Ein anderer Zivi, der Klaus, verspürte einmal richtige Lust mit meinem alten elektrischen Rollstuhl zu fahren. So fuhren wir beide vergnüglich, – ich mit meinem neuen E-Stuhl – nebenher, in den ca. 4 km. entfernten Kolossa- Einkaufsmarkt. Dort mußte ich meinen Wocheneinkauf  erledigen. Das war ein Spaß, bis Klaus seine richtige Fahrpraxis heraus hatte. Erleichtert betätigte er meine Kinnsteuerung mit der Hand und eine spannende Fahrt begann. Selbst im „Kolossa“, blieb Klaus im E-Stuhl sitzen, und versuchte sein Bestes, um keine Regale zum Einstürzen zu bringen. Eine Käseverkäuferin gab uns ein Häppchen Käse zum Probieren. Dabei wurden wir als Brüder angesehen und bedauert. Selbst als wir an die Kasse fuhren, blieb Klaus im E-Stuhl sitzen und ließ sich von den Leuten helfen. Oh, war das eine herrliche Gaudi!

Nikolai, ein weiterer Zivi, führte mich durch vorausgehende Gespräche, an meine verdrängte Sexualität heran. Mit ihm zusammen als  Begleitung wagte ich mich erstmals, – damals war ich 39 Jahre alt – einmal zu einer Prostituierten zu gehen. Diese erste Erfahrung mit meiner Sexualität schloss in meiner Seele ganz viele Türen auf. Auch wurde mir dabei so richtig bewusst, dass ich eigentlich auch einen attraktiven Körper habe. Vor allem war ich wahnsinnig stolz, daß Nikolai mir das als Mann, völlig zugetraut hatte. Bis heute gönne ich mir  gelegentlich diesen Spaß, und bin dadurch seelisch sehr gewachsen. Selbst von meinen Muskeln her, – von den Spasmen – verspüre ich seither eine erhebliche Lockerung.

Ich könnte noch über viele Erlebnisse mit meiner Persönlichen Assistenz erzählen, so z.B. wenn es um das Kochen geht. Aber das würde hier zu weit führen.

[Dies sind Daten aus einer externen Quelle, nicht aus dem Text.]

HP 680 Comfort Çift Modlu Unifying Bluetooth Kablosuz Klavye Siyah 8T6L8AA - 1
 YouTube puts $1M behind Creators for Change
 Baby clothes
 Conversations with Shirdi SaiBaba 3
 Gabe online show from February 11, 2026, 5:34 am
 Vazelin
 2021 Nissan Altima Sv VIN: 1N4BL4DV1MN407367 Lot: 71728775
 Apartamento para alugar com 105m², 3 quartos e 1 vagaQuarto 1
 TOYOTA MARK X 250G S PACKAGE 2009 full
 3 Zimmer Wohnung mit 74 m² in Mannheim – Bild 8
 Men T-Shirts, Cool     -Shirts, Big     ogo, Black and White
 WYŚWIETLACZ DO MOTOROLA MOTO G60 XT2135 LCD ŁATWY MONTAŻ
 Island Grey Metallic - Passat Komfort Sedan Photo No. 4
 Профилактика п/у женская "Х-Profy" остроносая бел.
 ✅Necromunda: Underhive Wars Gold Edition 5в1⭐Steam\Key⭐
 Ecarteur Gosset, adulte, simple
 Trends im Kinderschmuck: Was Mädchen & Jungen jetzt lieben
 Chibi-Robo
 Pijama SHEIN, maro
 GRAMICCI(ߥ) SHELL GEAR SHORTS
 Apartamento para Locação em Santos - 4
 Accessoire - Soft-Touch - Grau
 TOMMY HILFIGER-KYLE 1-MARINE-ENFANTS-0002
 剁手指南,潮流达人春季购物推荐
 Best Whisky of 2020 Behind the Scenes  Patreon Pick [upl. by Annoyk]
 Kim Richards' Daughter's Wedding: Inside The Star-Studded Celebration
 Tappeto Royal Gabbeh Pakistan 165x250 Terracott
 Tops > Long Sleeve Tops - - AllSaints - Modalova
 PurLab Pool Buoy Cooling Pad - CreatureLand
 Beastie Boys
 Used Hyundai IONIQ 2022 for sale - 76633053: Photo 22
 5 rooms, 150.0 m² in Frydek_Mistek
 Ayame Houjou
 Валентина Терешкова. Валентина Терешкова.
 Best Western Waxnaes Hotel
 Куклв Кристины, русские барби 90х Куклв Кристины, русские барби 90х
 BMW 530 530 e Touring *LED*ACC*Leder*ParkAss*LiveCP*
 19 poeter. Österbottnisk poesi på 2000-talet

Warum ich diesen Beitrag geschrieben habe? Von meinen Ansprüchen, fühle ich mich mit meiner Persönlichen Assistenz nicht, wie einmal befürchtet, nur betreut, sondern echt ernst genommen. Sie merken einfach, daß ich ganz einfach Leben möchte. Deshalb finde ich auch Schulungen zur Bewußtseinsförderung und Reflexion des eigenen Lebens für Persönliche Assistenten, auch so ungemein wichtig. Seit Jahren bin ich Gastlehrer in den Schulungen.